TASK PROMPT: Below are the records; extract from them the line containing "The Bauhaus Series" to the line containing "Samsung Galaxy S8", both lines included, exactly and with no pictures.

MATERIAL PROVIDED:
Segment Open

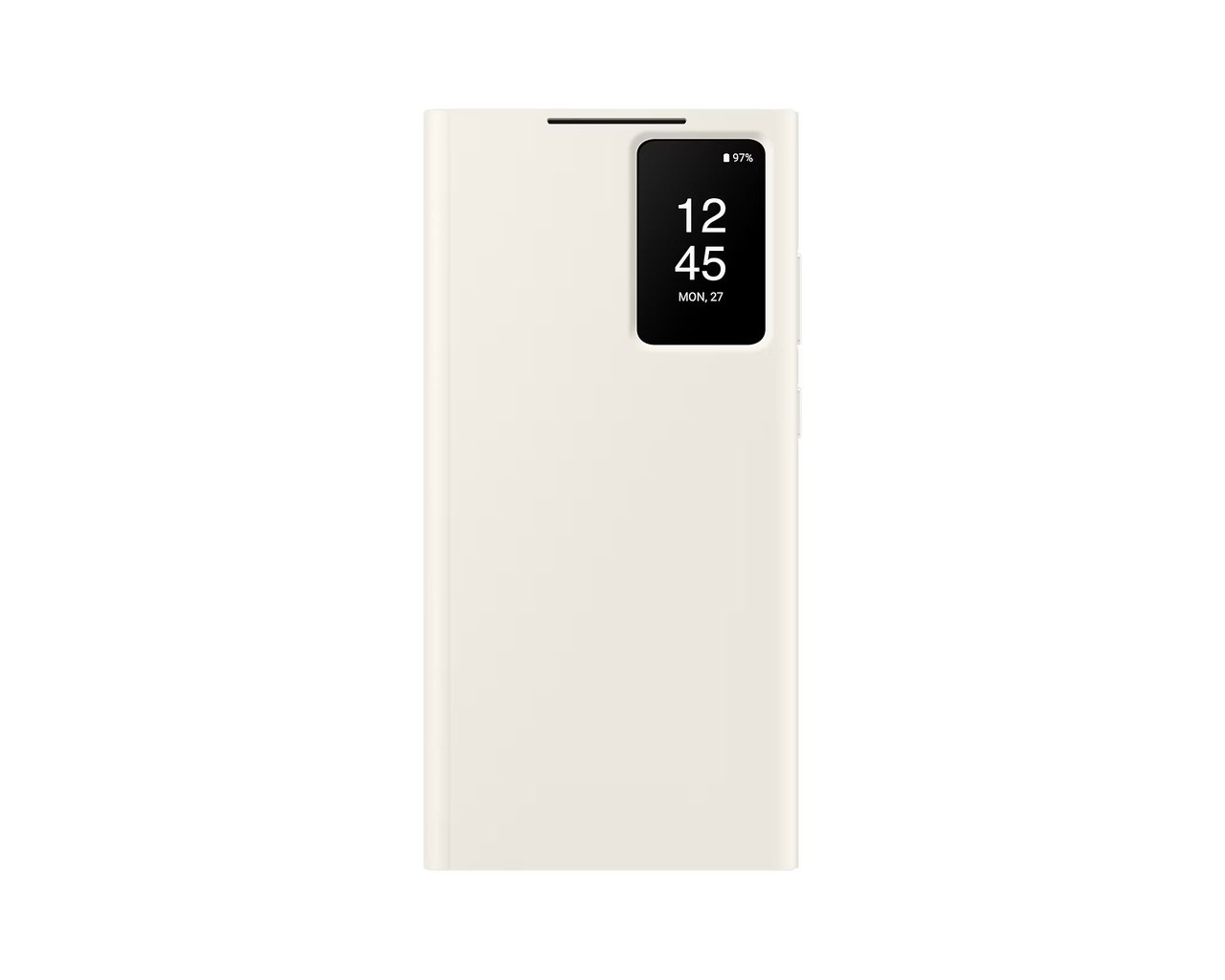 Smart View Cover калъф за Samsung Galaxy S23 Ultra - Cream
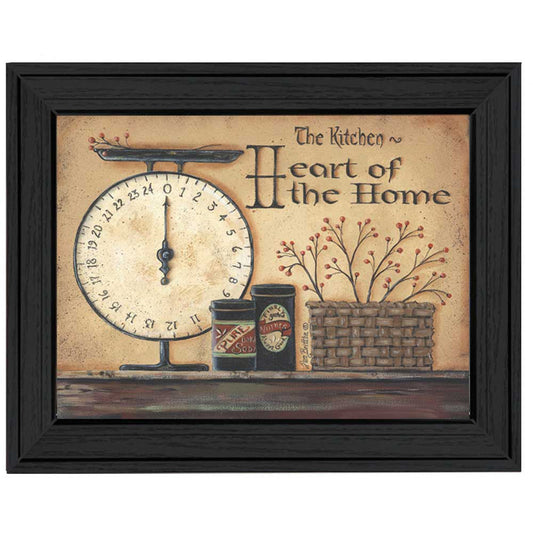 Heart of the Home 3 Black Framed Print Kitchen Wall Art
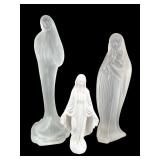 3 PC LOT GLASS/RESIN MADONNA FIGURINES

Segment Closed
Segment Open

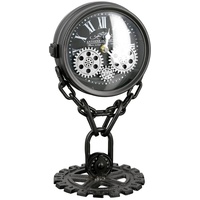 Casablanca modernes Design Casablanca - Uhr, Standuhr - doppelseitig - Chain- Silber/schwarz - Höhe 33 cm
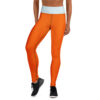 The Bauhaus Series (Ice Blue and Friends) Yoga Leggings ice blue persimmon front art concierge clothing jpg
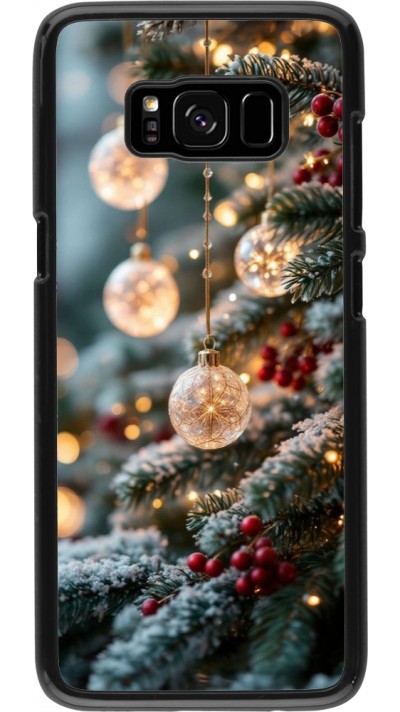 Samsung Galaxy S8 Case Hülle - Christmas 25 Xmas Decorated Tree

Segment Closed
Segment Open

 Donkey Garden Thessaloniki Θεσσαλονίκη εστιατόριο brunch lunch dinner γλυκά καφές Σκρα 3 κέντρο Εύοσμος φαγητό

Segment Closed

RESULT FOR THIS TASK:
 The Bauhaus Series (Ice Blue and Friends) Yoga Leggings ice blue persimmon front art concierge clothing jpg
 Samsung Galaxy S8 Case Hülle - Christmas 25 Xmas Decorated Tree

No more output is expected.